Communities, citizen groups, and individuals can take an active role in protecting their drinking water sources from contamination.
The resources below provide information about source water protection and steps you can take at the local level to protect your drinking water.
On this page:
- Learn About Source Water Protection
- Take Everyday Actions
- Volunteer in Your Community
- Participate in Source Water Planning at the Community Level
Learn About Your Drinking Water Source
Your drinking water utility includes information about the drinking water source in their annual drinking water quality report, also called a Consumer Confidence Report (CCR). A CCR also tells you how to get a copy of the source water assessment for your drinking water source. Find your local CCR online.
Learn more about source water assessments, or ask your drinking water provider if there are any source water protection projects or groups you can support.
Use and Dispose of Harmful Materials Properly
Don’t pour hazardous waste down the drain, on the ground, or into storm sewers. This could contaminate the soil, groundwater, or nearby surface water.
A number of products used at home contain hazardous or toxic substances that can contaminate ground or surface waters, such as:
- Motor oil
- Leftover paints or paint cans
- Flea collars
- Household cleaners
- A number of medicines
EPA’s Household Hazardous Waste (HHW) program has more advice on how to safely manage and reduce the use of these materials.
Think Twice about Lawn and Garden Chemicals
Limit the use of pesticides or fertilizers, and always follow the label directions. Many fertilizers and pesticides contain harmful chemicals which can travel through the soil and contaminate groundwater or run off in stormwater to rivers, streams, and lakes. EPA evaluates pesticides to ensure that when they are used according to label directions they will not harm people, non-target species or the environment.
Properly Maintain Your Septic System
Groundwater can be contaminated by poorly or untreated household wastewater, which poses dangers to drinking water and to the environment. Malfunctioning septic systems release bacteria, viruses, and chemicals to local aquifers and waterways. The average household septic system should be inspected at least every three years by a septic service professional. Household septic tanks are typically pumped every three to five years. Alternative systems with electrical float switches, pumps, or mechanical components should be inspected more often, generally once a year.
Dispose of Your Medications Properly
In homes that use septic tanks, prescription and over-the-counter drugs flushed down the toilet can leach into the ground and seep into groundwater. In cities and towns where residences are connected to wastewater treatment plants, prescription and over-the-counter drugs poured down the sink or flushed down the toilet can pass through the treatment system and enter rivers and lakes. These water sources may flow downstream to community drinking water supplies. Water treatment plants are generally not equipped to routinely remove medicines.
EPA encourages the public to take advantage of pharmaceutical take-back collection programs that accept prescription or over-the-counter drugs, as these programs offer a safe and environmentally-conscious way to dispose of unwanted medicines.
Find or Start a Group
Find a watershed or wellhead protection organization or a source water collaborative in your community and volunteer to help. If there are no active groups, consider starting one. Use the Source Water Collaborative’s How to Collaborate Toolkit EXITto get started.
Join in a Beach, Stream, or Wetland Cleanup
You can make new friends while you help protect source water.
Prepare a Presentation about Your Watershed for a School or Civic Organization
Discuss water quality threats, including the dangers of polluted runoff and ecosystem loss. In your presentation, highlight actions people can take to protect water quality, such as limiting fertilizer use and properly maintaining their septic systems.
Organize a Storm Drain Stenciling Project
Stencil a message next to the street drain. This reminds people not to dump waste into a street drain, which leads to local water sources such as rivers. Use simple images and words when stenciling to help make the connection, such as:
- Ocean”Protect Your Water” logo with the image of a glass and faucet
You can also use stencils to produce and distribute flyers to your neighbors. Remind residents that storm drains dump directly into their local water source.
Put Up Signs
Post signs along the border of your source water protection area to notify people that any pollution in that area can affect the quality of local drinking water.

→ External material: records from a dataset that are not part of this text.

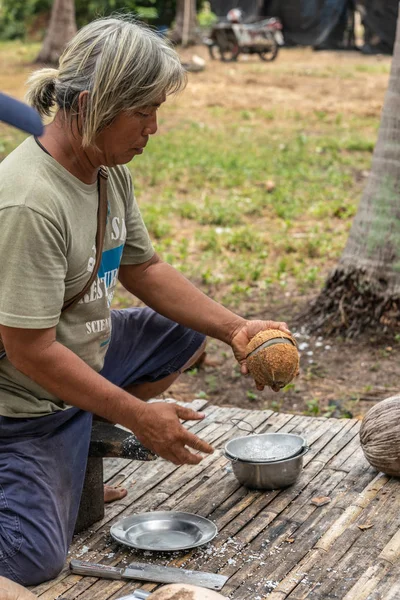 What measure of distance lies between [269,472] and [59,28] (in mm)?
15185

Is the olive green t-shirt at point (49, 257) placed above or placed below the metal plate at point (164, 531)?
above

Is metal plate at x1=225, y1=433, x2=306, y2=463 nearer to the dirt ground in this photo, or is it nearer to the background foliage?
the dirt ground

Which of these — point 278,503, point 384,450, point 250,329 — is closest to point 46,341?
point 250,329

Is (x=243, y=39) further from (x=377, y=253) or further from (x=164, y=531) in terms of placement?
(x=164, y=531)

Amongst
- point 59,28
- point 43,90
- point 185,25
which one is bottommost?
point 185,25

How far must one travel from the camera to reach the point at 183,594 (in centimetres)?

Identify Community Partners
Water is a shared resource. You can work within your community, watershed, or neighborhood to protect your drinking water.

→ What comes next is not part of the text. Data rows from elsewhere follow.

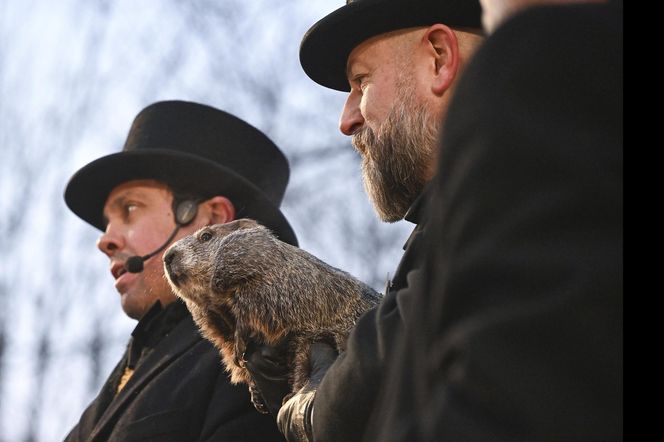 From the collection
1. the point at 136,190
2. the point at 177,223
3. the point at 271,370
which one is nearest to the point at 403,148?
the point at 271,370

Many partners are involved in implementing source water protection through watershed management strategies involving:
- Assessing the potential sources of contamination in the protection area;
- Prioritizing efforts to reduce potential of impacts; and
- Implementing management measures.
Use Your Assessment to Identify and Prioritize Needed Actions
States have completed the first step of assessing the protection area for all public water systems. Each assessment includes a delineation, a contaminant inventory, and susceptibility determination. You may find that the assessment in your local area is outdated.

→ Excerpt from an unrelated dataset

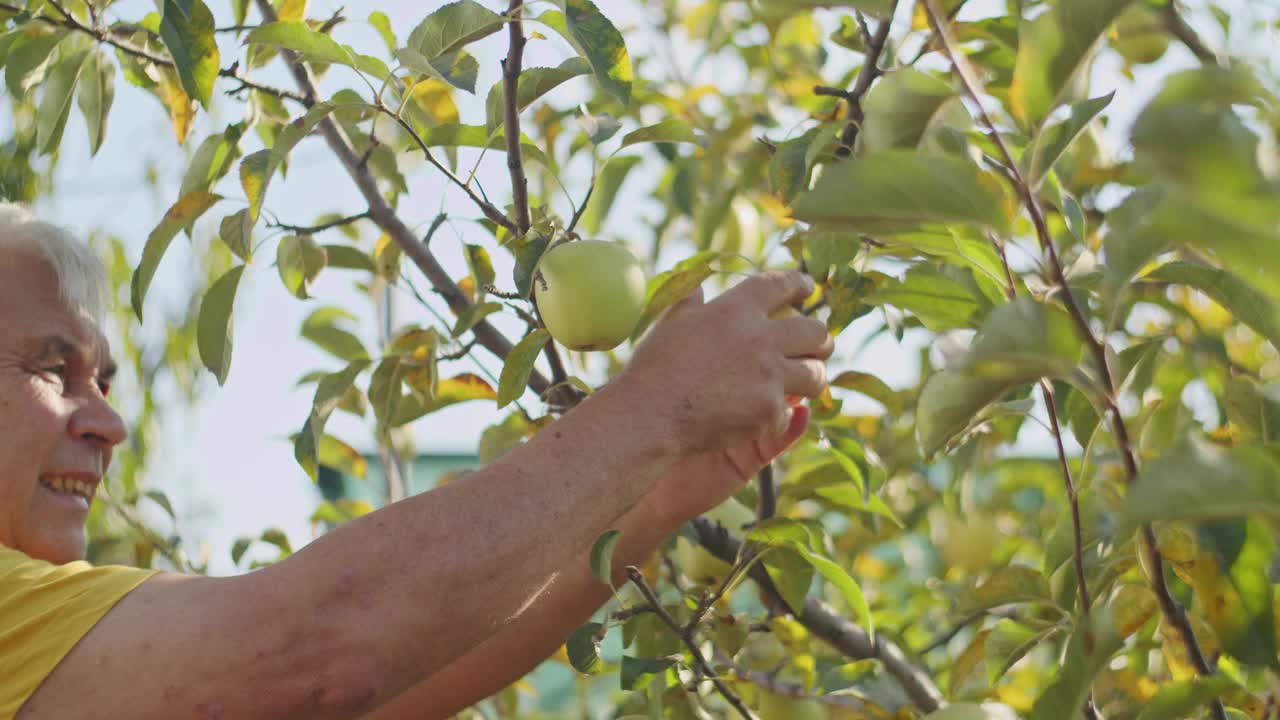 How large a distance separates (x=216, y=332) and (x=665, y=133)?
0.47m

Work with Your Water Utility
Water utilities provide the public with information, safety monitoring, and emergency response. They have a critical role to play in promoting source water protection, including:
- Advocating for source water protection;
- Providing annual drinking water quality reports (i.e., consumer confidence reports);
- Creating opportunities for public participation (such as water board meetings and public forums);
- Educating consumers;
- Identifying potential sources of contamination;
- Identifying and organizing other stakeholders; and
- Working directly with owners and managers of potential sources of pollution.